Geçmişin duygu iklimini, geçmişin düşünce ve davranış biçimlerini tekrarlayarak yeniden yaratacağımızı sandık. Geçmişle kurulan ilişkinin, her uyaranla değişikliğe uğrayan bilinç aracılığı ile her daim yeniden yapılandırıldığı gerçeğini dikkate almadık

Hızla değişen anlamların daha biz özümsemeden zihinlerimize sızdığını, kaçınılmaz bir şekilde dünyayı algılama ve tepki verme biçimlerimizi şekillendirdiğini göz ardı ettik

Özümsenmeden yüzeyde yaşanan anlamların, derindeki çağrışımlarıyla, duygularla buluşmadığı için yapay, abartılı, yadırgatıcı tepkilerle sonuçlandığını hesaba katmadık

Sonuçta geçmişte hoşgörü ve sıcak bir kabulle karşıladığımız bir durumu, bugünün koşullarında öfke ve nefretle karşılar olduk.
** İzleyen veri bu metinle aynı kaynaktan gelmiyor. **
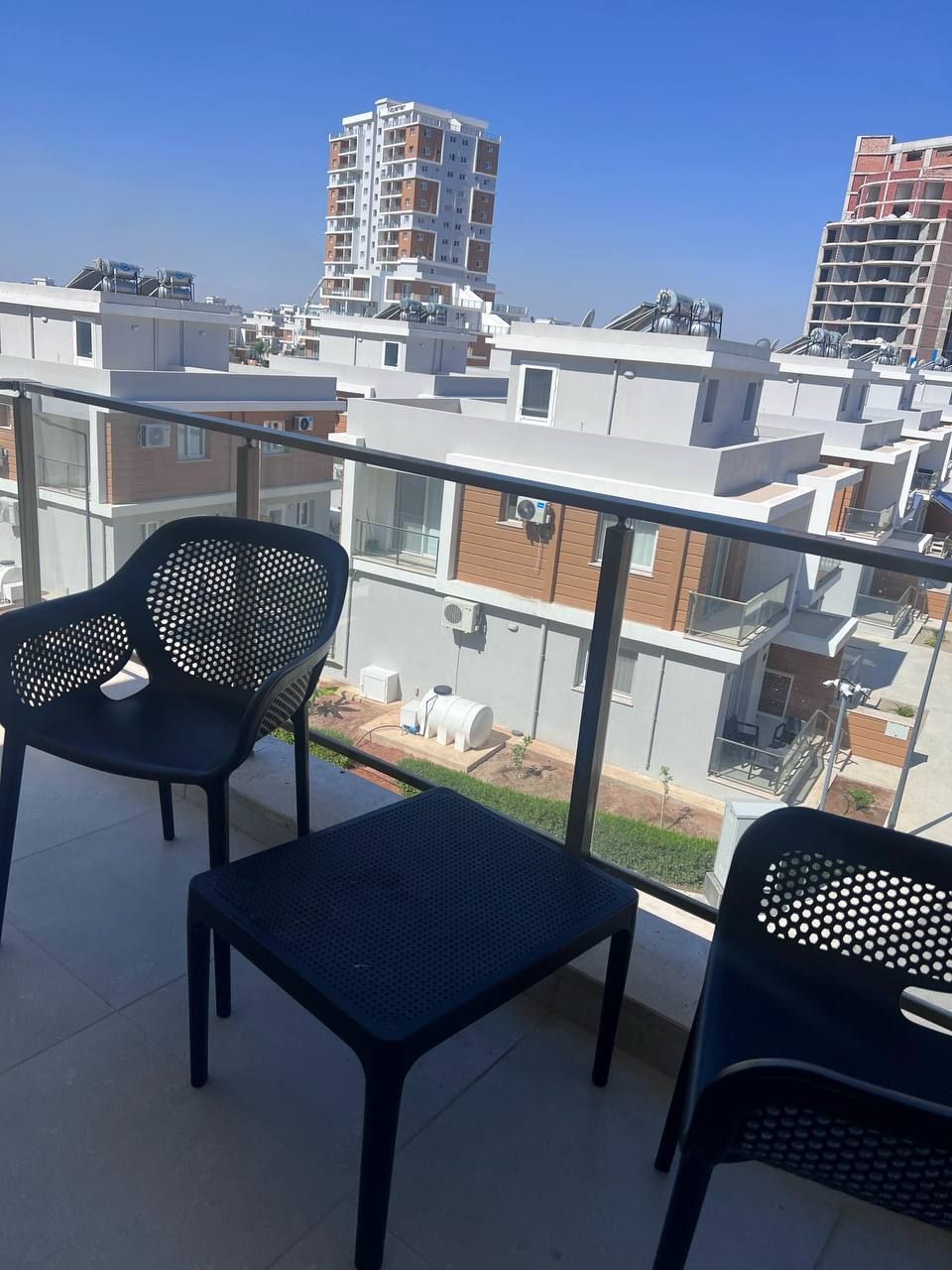 Appartamento a İskele, Cipro, 64 m² - foto 6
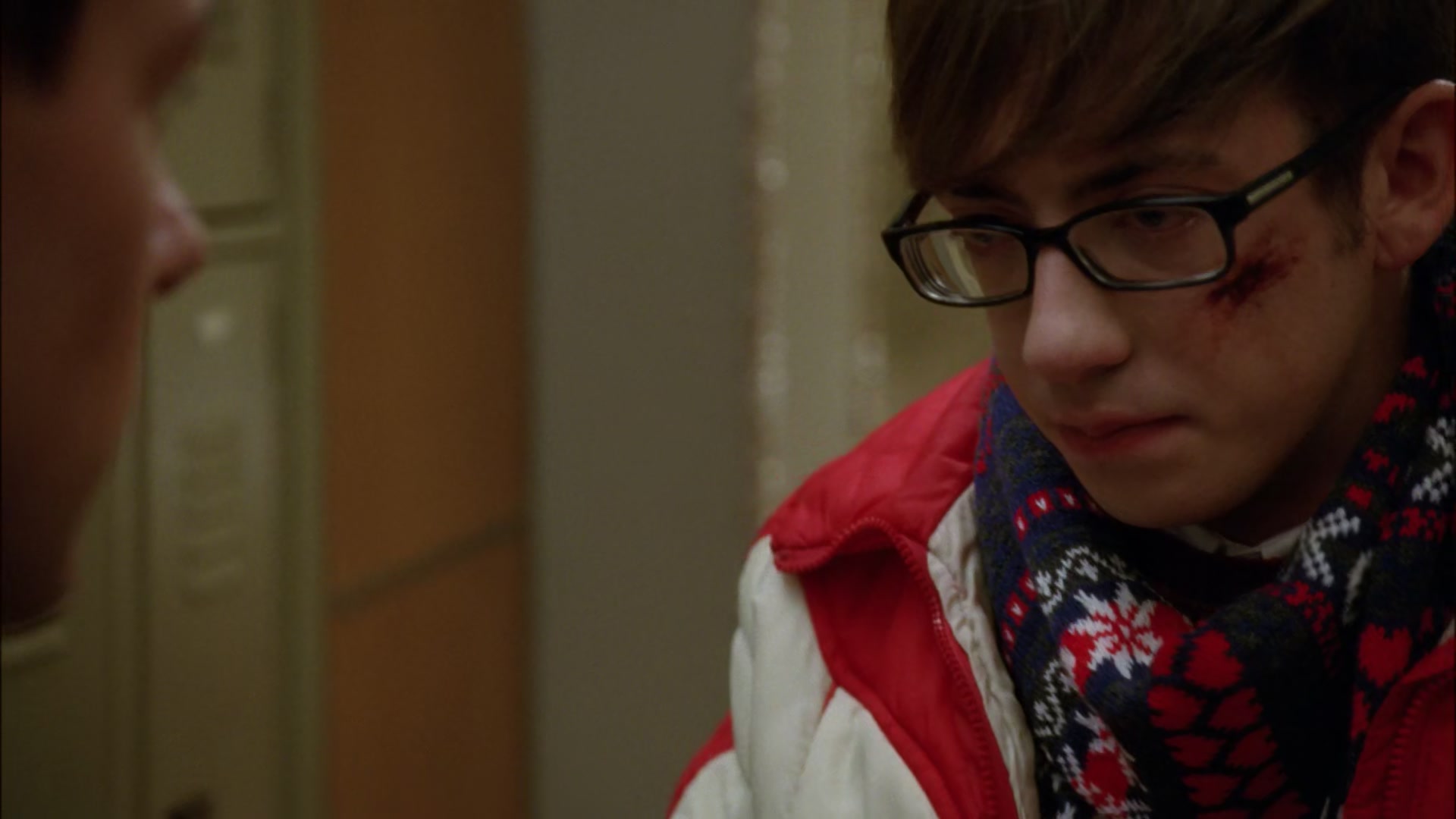 Glee410-0035.jpg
Yitirdiğimiz Yusuf’u bulsak da, Kenan ilinin, eski Kenan olmadığını fark etmedik bile

Oysa nice oldu sılayı kaybedeli Oysa nice oldu sılayı kaybedeli. Kendimizi güvende hissetmeyeli, tehditlere açık hale geleli. Risk “tehlike”ye dönüşeli, kendi yarattığımız riskler dışarıdan gelenlerden daha tehlikeli olalı

“Kenan” ili tehlikeli bir yer olalı beri şiddet varlığını daha çok hissettirmekte. Antisosyal özellikler kişilik yapılanmasına, radikal özellikler kimliklere damgasını vurmakta

“Kenan” ili kültürel biçimlendirmeyi aşan yapısıyla kaybetmememiz gereken bir sığınaktı. Kendimizi baba ocağında, ana kucağında olduğu gibi güvende hissettiren bir duygu iklimiydi. Sıcak bir karşılama beklentisiydi. Giderek parçalara ayrılan dünyayı ve zihinlerimizi birleştirecek sihirli bir tutkaldı

Sılanın olmadığı bir dünyada yaşayabilir miyiz?